Sinkende Corona-Zahlen (K)ein Grund zur Hoffnung?
Die sinkenden Corona-Zahlen seien mit Vorsicht zu genießen, da Behörden überlastet seien - heißt es aktuell in vielen Medien. Doch verschiedene Indizien weisen darauf hin, dass das Wachstum tatsächlich vorerst gestoppt wurde.
Die bundesweite Sieben-Tage-Inzidenz ist leicht gefallen. Die Gesundheitsämter meldeten dem RKI binnen eines Tages 36.059 Corona-Neuinfektionen - deutlich weniger als in der Vorwoche, als es noch 45.753 Ansteckungen waren.

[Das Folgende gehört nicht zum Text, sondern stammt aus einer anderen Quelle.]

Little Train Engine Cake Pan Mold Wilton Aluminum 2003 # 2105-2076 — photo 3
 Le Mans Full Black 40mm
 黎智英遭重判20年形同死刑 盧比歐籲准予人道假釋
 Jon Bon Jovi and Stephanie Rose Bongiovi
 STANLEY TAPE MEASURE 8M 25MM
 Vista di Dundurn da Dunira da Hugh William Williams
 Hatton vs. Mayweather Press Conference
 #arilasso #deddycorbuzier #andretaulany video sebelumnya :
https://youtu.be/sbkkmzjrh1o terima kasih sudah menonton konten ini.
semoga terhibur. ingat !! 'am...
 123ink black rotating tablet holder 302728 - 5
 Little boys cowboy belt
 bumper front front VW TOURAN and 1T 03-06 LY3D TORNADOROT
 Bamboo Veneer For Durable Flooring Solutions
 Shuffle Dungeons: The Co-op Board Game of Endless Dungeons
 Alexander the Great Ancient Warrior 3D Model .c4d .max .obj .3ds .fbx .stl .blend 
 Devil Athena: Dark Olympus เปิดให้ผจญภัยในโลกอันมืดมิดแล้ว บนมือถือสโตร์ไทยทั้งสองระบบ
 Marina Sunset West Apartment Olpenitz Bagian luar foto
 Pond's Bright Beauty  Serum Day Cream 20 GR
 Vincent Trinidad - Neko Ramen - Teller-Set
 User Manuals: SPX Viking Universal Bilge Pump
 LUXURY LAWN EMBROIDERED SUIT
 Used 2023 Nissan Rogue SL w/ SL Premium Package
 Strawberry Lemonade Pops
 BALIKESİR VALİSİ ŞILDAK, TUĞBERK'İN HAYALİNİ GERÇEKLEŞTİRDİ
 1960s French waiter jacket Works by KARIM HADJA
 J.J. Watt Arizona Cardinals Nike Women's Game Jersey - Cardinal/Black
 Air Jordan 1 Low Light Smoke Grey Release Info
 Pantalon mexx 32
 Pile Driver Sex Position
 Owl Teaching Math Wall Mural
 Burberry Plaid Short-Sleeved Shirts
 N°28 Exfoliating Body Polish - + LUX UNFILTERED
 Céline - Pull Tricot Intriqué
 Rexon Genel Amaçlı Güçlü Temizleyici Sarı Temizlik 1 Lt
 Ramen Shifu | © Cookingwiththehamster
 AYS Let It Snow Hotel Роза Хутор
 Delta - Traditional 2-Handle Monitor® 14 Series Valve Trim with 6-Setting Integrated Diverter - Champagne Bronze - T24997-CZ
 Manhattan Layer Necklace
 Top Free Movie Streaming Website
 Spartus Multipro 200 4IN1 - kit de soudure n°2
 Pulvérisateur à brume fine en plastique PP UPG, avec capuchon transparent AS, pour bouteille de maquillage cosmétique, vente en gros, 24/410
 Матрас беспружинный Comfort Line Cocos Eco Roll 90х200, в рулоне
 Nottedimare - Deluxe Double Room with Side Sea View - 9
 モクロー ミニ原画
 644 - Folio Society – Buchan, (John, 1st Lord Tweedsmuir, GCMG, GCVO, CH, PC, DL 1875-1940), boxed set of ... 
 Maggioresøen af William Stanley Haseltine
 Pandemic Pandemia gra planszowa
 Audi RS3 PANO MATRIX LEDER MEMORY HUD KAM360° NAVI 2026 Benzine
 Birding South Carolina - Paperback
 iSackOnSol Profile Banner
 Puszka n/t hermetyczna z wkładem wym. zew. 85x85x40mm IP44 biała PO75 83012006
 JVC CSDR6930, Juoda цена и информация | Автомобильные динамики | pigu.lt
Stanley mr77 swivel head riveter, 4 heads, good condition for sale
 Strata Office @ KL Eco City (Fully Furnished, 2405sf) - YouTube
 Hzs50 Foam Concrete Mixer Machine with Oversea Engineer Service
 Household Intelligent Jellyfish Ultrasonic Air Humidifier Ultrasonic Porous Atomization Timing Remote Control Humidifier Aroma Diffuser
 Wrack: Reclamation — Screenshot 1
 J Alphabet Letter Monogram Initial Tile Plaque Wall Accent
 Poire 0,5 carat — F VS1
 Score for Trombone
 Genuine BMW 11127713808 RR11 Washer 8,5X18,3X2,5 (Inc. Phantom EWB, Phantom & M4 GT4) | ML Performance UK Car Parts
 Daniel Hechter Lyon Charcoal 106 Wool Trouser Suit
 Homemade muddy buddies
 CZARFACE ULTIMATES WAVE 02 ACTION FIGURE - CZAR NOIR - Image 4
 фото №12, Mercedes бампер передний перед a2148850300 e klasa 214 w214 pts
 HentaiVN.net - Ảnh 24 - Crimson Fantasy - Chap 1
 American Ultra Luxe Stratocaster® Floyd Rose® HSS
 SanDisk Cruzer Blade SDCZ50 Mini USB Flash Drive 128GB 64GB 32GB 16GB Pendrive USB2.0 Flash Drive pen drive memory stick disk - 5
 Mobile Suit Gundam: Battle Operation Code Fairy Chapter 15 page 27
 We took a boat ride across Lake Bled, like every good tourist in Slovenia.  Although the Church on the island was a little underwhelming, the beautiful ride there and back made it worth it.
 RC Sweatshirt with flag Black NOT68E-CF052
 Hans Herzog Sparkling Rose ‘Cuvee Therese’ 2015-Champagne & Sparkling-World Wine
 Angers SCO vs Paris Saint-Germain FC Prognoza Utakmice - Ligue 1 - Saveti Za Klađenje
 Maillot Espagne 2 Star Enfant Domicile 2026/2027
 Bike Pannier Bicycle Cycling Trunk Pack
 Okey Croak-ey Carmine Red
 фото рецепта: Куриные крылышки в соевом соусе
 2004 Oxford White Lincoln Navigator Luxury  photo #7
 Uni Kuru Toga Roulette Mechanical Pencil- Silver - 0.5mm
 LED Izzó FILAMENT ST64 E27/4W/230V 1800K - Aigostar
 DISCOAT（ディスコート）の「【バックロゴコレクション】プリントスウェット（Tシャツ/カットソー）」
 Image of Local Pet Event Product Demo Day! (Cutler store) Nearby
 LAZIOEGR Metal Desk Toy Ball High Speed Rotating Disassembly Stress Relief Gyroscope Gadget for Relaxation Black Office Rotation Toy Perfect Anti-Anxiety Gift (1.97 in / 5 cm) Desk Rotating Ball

Allerdings wird in vielen Berichten und Kommentaren darauf verwiesen, dass die Zahlen möglicherweise zu niedrig seien; insbesondere die Angaben aus Sachsen erscheinen auffällig niedrig. Mutmaßlich sei eine Überlastung der Gesundheitsämter der Grund dafür.
Regionale Unterschiede
Trotz offenkundig fehlender Fälle aus Sachsen liegen aber verschiedene Daten vor, die darauf hinweisen, dass das starke Wachstum vorerst gestoppt wurde - zumindest in vielen Regionen. In Norddeutschland, wo die Inzidenz deutlich unter dem Bundesdurchschnitt liegt und es somit keine Überlastung der Ämter gegeben sein dürfte, sank die Inzidenz, nachdem sich das Wachstum zuletzt schon abgeschwächt hatte.
Auch eine Visualisierung der Trends in den Bundesländern zeigt eine teilweise gegenläufige Entwicklung: Während die Zahlen in einigen Ländern stark gestiegen sind, stagnieren oder fallen sie in anderen.
Dass das Infektionsgeschehen in Deutschland sehr heterogen sei, darauf verwies bereits der Wissenschaftler Kai Schulze, der am RKI tätig ist, auf seinem privaten Twitter-Account. Seiner Einschätzung zufolge spielt die Überlastung von Gesundheitsämtern in einigen Regionen zwar eine Rolle, es gebe aber zahlreiche weitere Faktoren, die zu berücksichtigen seien. Aktuell sei "das Abschwächen der Dynamik vielerorts real".
Das RKI hatte bereits im Wochenbericht vom 2. Dezember festgestellt, der starke Anstieg der Sieben-Tage-Inzidenz habe sich zuletzt nicht fortgesetzt. Dies könne "ein erster Hinweis auf eine sich leicht abschwächende Dynamik im Transmissionsgeschehen aufgrund der deutlich intensivierten Maßnahmen zur Kontaktreduzierung sein. Es könnte aber regional auch auf die
zunehmend überlasteten Kapazitäten im Öffentlichen Gesundheitsdienst und die erschöpften Laborkapazitäten zurückzuführen sein".
Weniger Aufnahmen auf Intensivstationen
Die teilweise gegensätzliche Entwicklung lässt sich auch an einer Zahl ablesen, die nicht von Test- und Laborkapazitäten abhängt: Der Statistiker Thomas Wieland wies darauf hin, dass in mehreren Bundesländern die absoluten Zahlen bei den Erstaufnahmen auf Intensivstationen zurückgingen.
Positivrate sinkt leicht
Ein wichtiges Indiz für zunehmendes Infektionsgeschehen und eine wachsende Dunkelziffer der Infektionen ist zudem eine wachsende Positivrate bei den Tests. Diese ist in der vergangenen Woche allerdings nicht weiter gestiegen, was zumindest darauf hindeutet, dass das Wachstum insgesamt gestoppt sein könnte. Nach Angaben des Vereins "Akkreditierte Labore in der Medizin" (ALM), fiel die Positivrate in der vergangenen Woche leicht, von 21,18 Prozent auf 20,95 Prozent.
"Auch wenn die Zahlen eine etwa konstante Rate der positiven Befunde zeigen", mahnt Dr. Michael Müller von ALM, bliebe die Lage "weiterhin sehr angespannt. Viele Labore arbeiten an der Grenze des Machbaren. Jetzt gilt es, alle uns möglichen Maßnahmen umzusetzen, Kontakte so weit wie möglich zu reduzieren und das Impfen voranzutreiben".
Bundesweite Zahlen unterkomplex
Auch wenn die Zahlen beispielsweise aus Sachsen mutmaßlich unvollständig sind, liegen verschiedene Indizien vor, die auf eine Stagnation des Wachstums in mehreren Bundesländern hinweisen.
Vollkommen unbrauchbar dürften die Zahlen für viele Regionen Deutschlands also nicht sein, da sich das Infektionsgeschehen weiterhin regional sehr unterschiedlich darstellt. Bundesweite Angaben können teilweise gegensätzliche Entwicklungen ohnehin nicht abbilden.